The research on gas lasers and their applications has been carried out in the Centre for Plasma and Laser Engineering, Institute of Fluid Flow Machinery, Polish Academy of Sciences in Gdańsk since mid-sixties of the last century, i.e. only several years after the first laser was introduced. The very early research carried out by the Centre concerned physics and technology of He-Ne and CO2 lasers. Then, the research of the Centre was focused on metal vapour lasers (He-Cd+, He-Se+, He-Hg+, CuBr) and electrical discharge related phenomena.
The research on the metal vapour lasers was continued in the Centre in 1990-2004. In particular, the hollow-cathode (HC) and radio-frequency (RF) excited metal vapour lasers were intensively investigated. However, the research was also focused on the application of metal vapour lasers to the precision materials processing and the application of other lasers to the Particle Image Velocimetry (PIV) and Laser Induced Fluorescence (LIF).
The research on electrical-discharge based plasma processing of gaseous pollutants has been carried out in the Centre since 1990. The staff of the Centre, headed formerly by Prof. Z. Zakrzewski and presently by Prof. J. Mizeraczyk, have had experience in the non-thermal plasmas acquired over decade of investigations and diagnostics of various kinds of low-pressure discharges (DC and pulsed glow discharges, DC and pulsed corona discharges, microwave discharges). The acquired expertise in the fundamentals of various gas discharges has been recently employed practically by the Centre for gaseous pollutant abatement using electrical-discharge based plasmas.
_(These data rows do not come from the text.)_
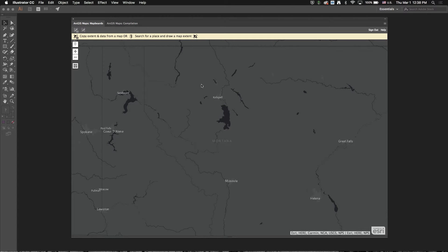Hi, this is Steve Moore with the Maps for Creative Cloud team here at Esri and today I want to talk about some of the new features that are coming in our 1.2 release of Maps for Creative Cloud.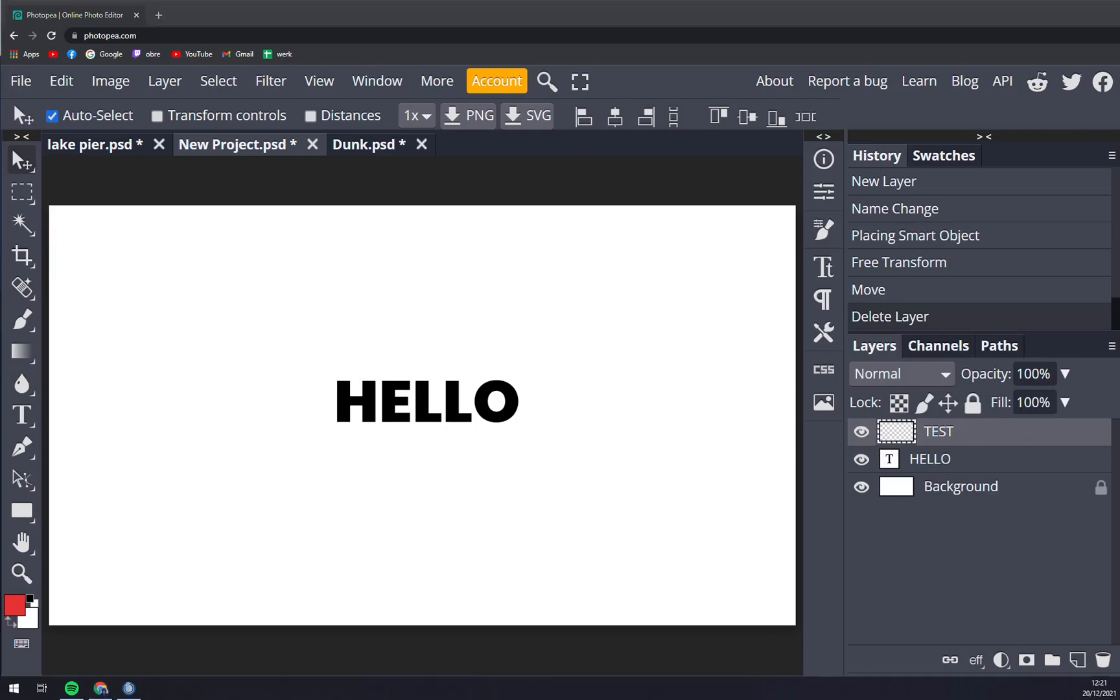And that's how you create a new layer. Thanks for watching and see you in the next one.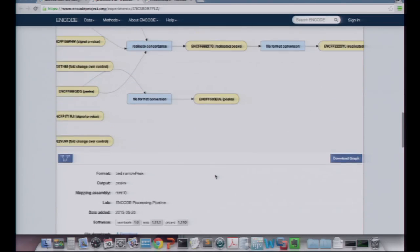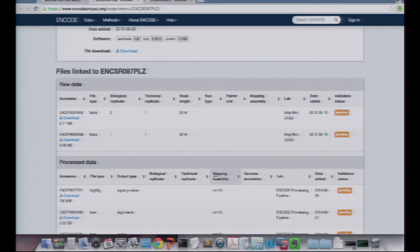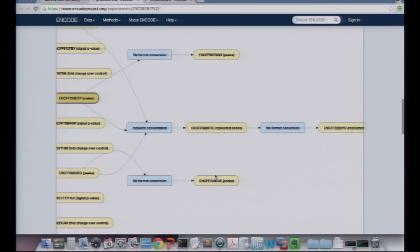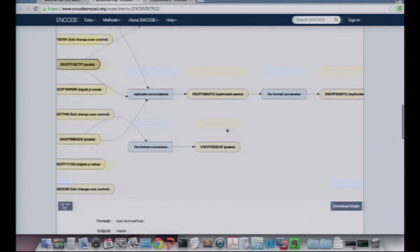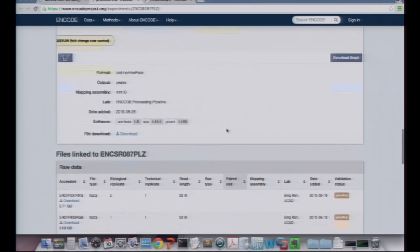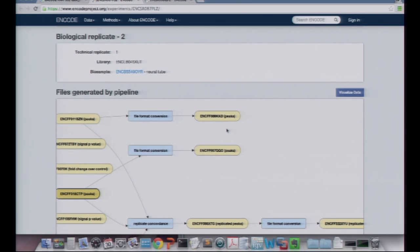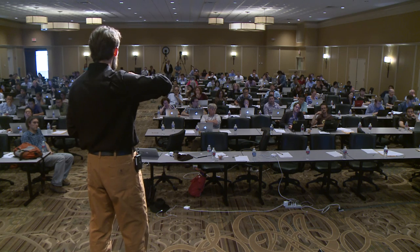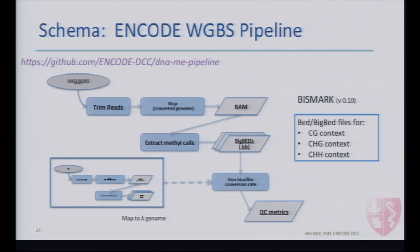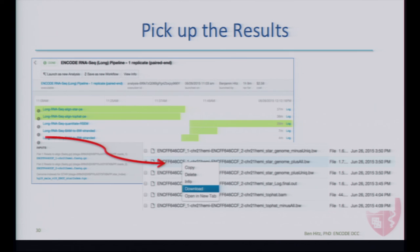I've shown you the graph of file relationships, and the only other thing I wanted to show you is that each of these files is available through the graph as well as in a list of files at the bottom of the experiment page on the portal. What I want to make clear is that we spent a lot of time talking about the platform where we actually run the experiments on the cloud, but all of the results of those runs are distributed through the portal. The results are accessioned and distributed through the ENCODE portal.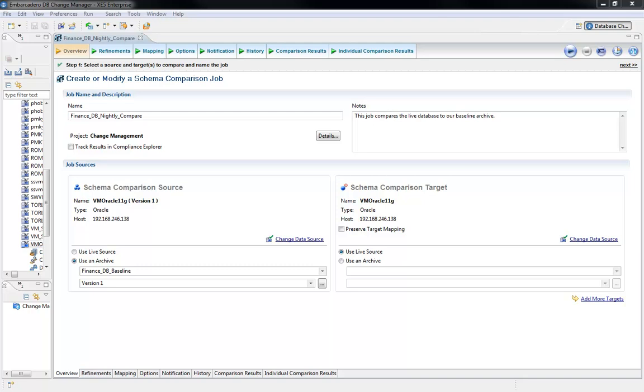Nobody said that managing database change would be easy. Since the first database was deployed, database administrators have been tasked with understanding and tracking the changes being made to the database.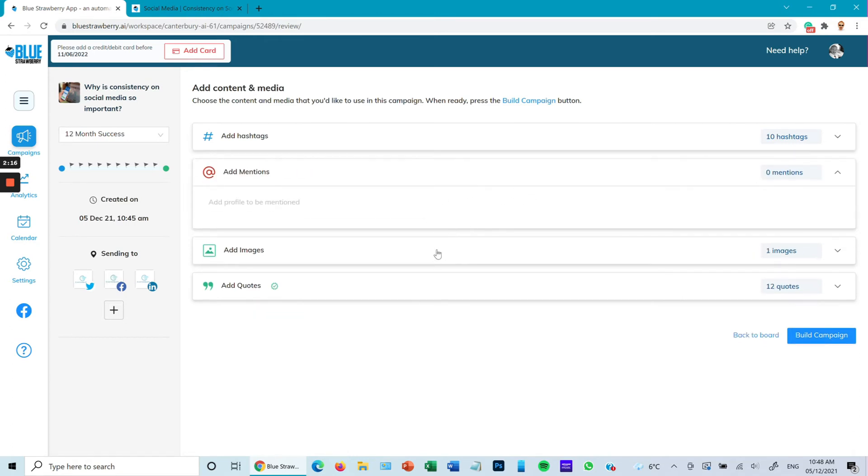Now it will be scheduled. It takes a little while to actually schedule the content in general, but in this case it's done it very quickly and you can see the campaign starts on the 8th of December as you can see, and it tells me exactly what times it's going to be scheduled.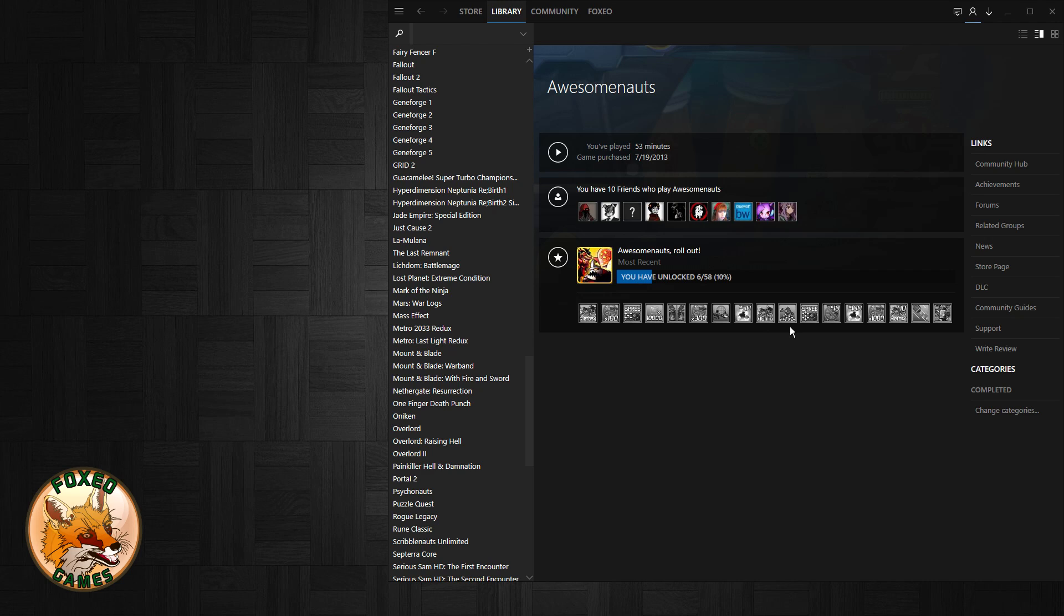And people keep requesting it and Valve just ignores it because again, it's a way to advertise. They get advertising revenue doing that. But I really feel like we should have the option to disable it because I don't want stuff coming into my library.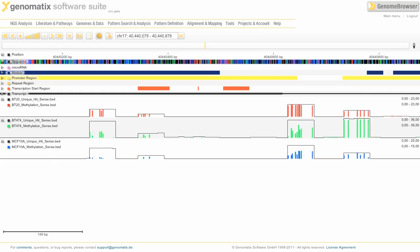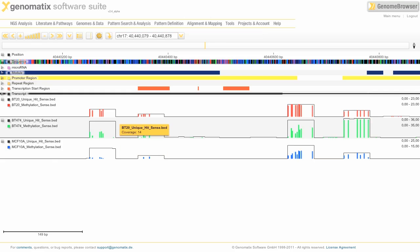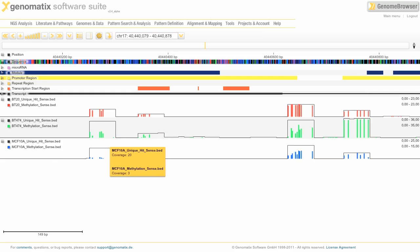And here you can see that some regions are not covered at all. And that has to do with the RRBS enrichment protocol that was used here. Now the bars here indicate to you the fraction of methylation that we're seeing here. So in this case we see complete methylation because the bar is as high as the black line. And down here we see a lot less methylation.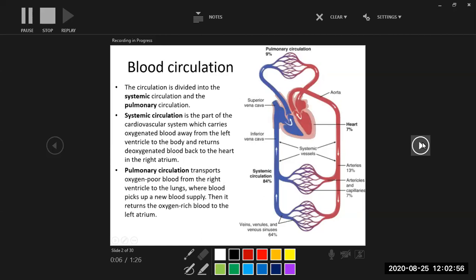Circulation is the portion that completes the cardiovascular system. The major function of the heart is to pump the blood, and that blood has to go somewhere through the circulation system. Circulation can be divided into two types: systemic circulation, which provides oxygenated blood to the body, and pulmonary circulation, which pumps low-oxygen blood to the lungs.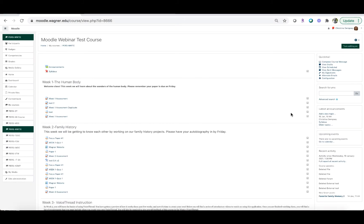In this video we're going to go over how to use the attendance module in your Moodle course. It allows you to take the attendance of your students, and if you choose to do so, you can record that attendance in your gradebook.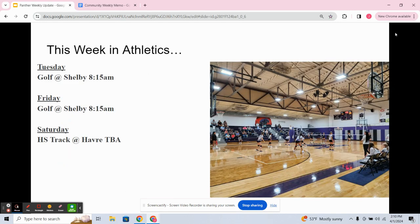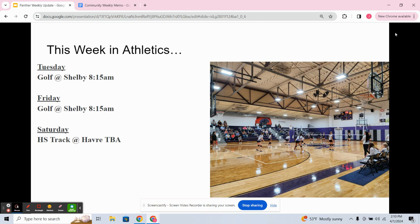So this week in athletics on Tuesday, we've got golf heading to Shelby for an 8:15 start. On Friday, golf will also be heading back to Shelby again at 8:15. And then on Saturday, we've got high school track in action at Havre. Times are to be announced.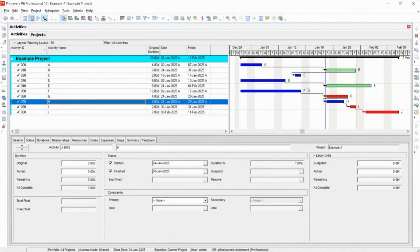In this case too, you would change the links. So F goes to H, and then H goes to G, I, and then J. So that's a little bit about progress override.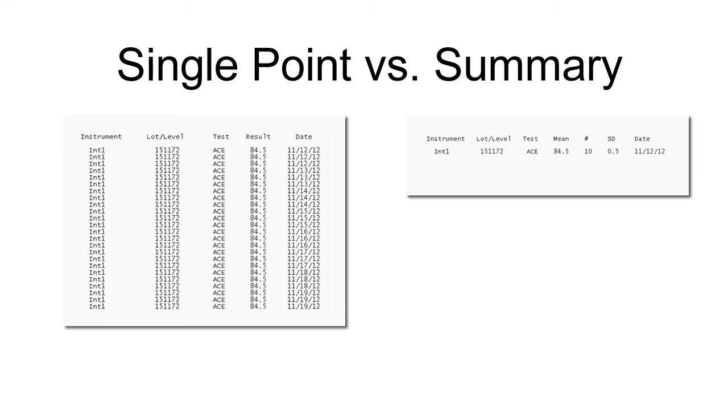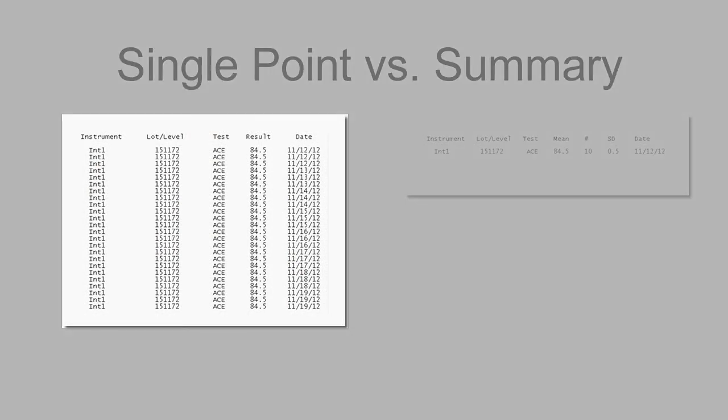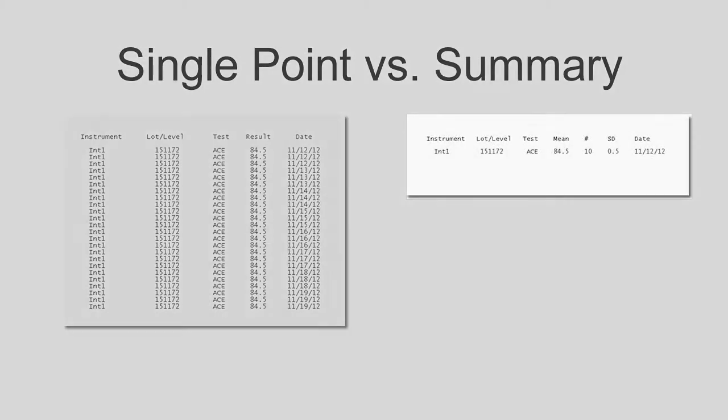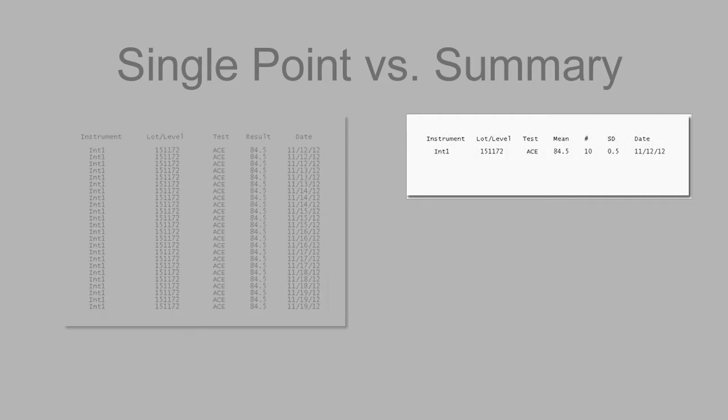There are two methods for data entry. Single Point requires you to enter individual points for each test. Summary data entry includes a mean, SD, and number of points for each test.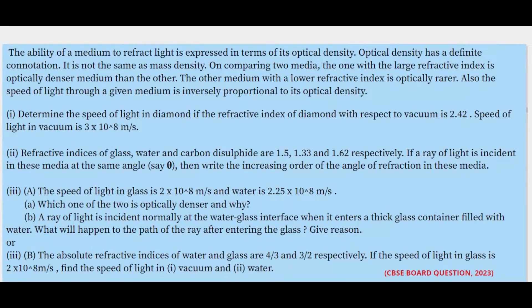The questions that follow are: First, determine the speed of light in diamond if the refractive index of diamond with respect to vacuum is 2.42, and the speed of light in vacuum is 3 × 10⁸ m/s. Second, refractive indices of glass, water, and carbon disulphide are 1.5, 1.33, and 1.62 respectively. If a ray of light is incident in these media at the same angle theta, write the increasing order of the angle of refraction in these media.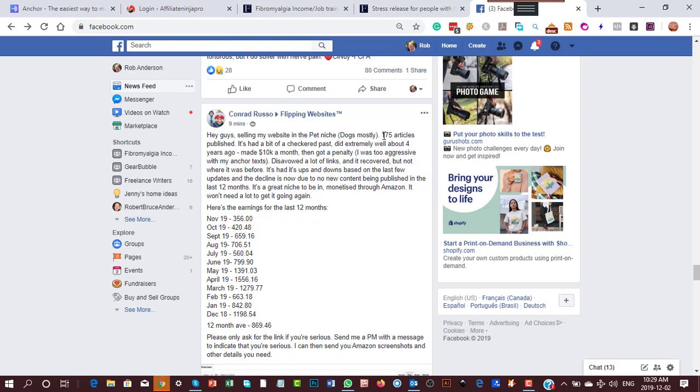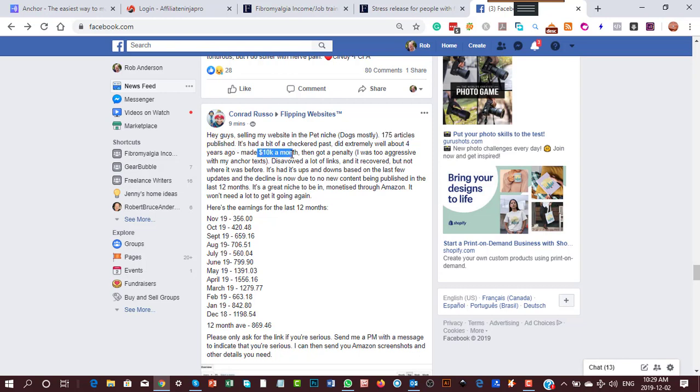These are the facts that I want to show you. He's got 175 articles published, and four years ago he was making ten thousand dollars a month. Then—yes, this is what the video is about—I was too aggressive with my anchor text.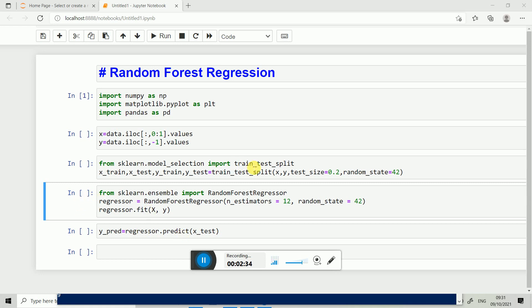So I think you understand how Random Forest Regression works. In the next tutorial we will learn something new and after that we create a project by applying all the regression models and we will check which one is the best for which condition.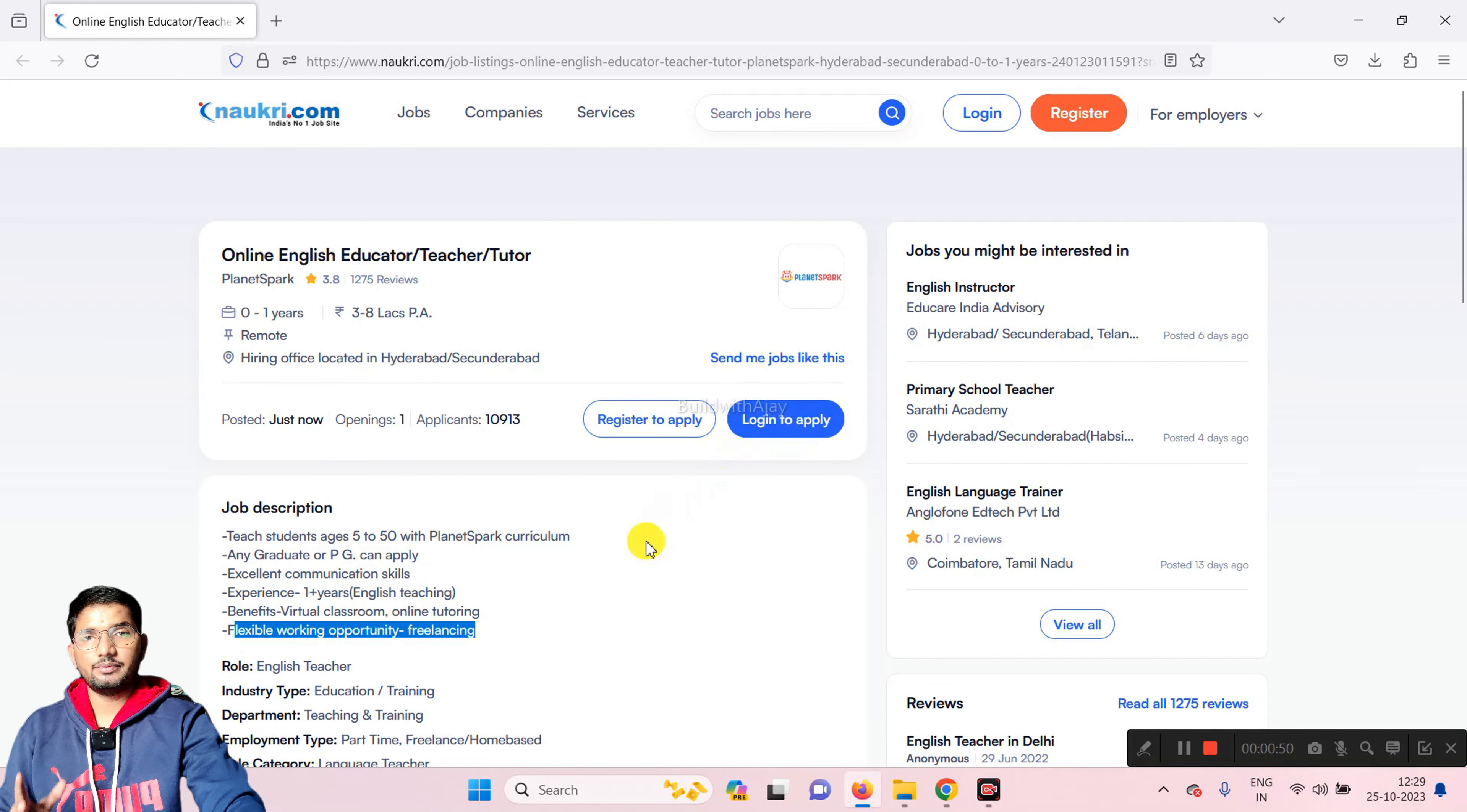You will have to apply directly. The link will be in the description. So that's all about today's hiring. If you like my video, don't forget to subscribe to my channel. Thank you. Have a nice day.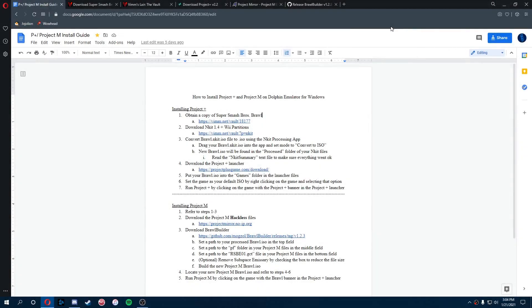Hello everybody and welcome back to another video. Today I'm doing a tutorial on how to install Project Plus and Project M for Dolphin Emulator on Windows.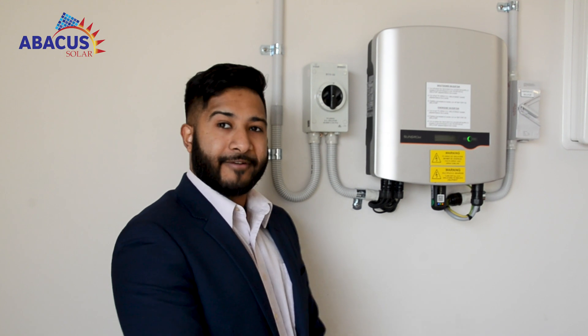Hi, my name is Adrian, Service Consultant at Apicus Solar. Today, we're going to set up your online monitoring for your SunGrow Inverter.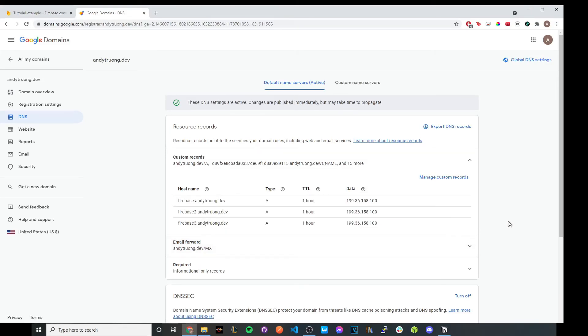And now after a couple hours, you should be able to go to the custom domain that you just inputted and it should bring you to your website.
In early years, 1990-1997, the research in the Centre was focused on decomposition of NOx and VOCs of low concentrations (below 0.1 %) by DC and pulsed corona discharges and gliding arc discharge. Also, kinetics of chemical processes during the plasma abatement of gaseous pollutants was modelled. The Centre was also involved in investigations on the utilisation of rubber waste by the plasma generated with a plasmatron, carried out in the University of Warmia and Mazury, Olsztyn, Poland.
In 1998-2004, both topics, experiment and modelling of the corona discharge plasma abatement of gaseous pollutants were continued. New topics were: plasma processing of highly-concentrated (tens of %) hydrocarbons and their chlorinated and fluorinated derivatives by microwave torch discharges, and hybrid non-thermal plasma-catalyst reactors for NOx abatement.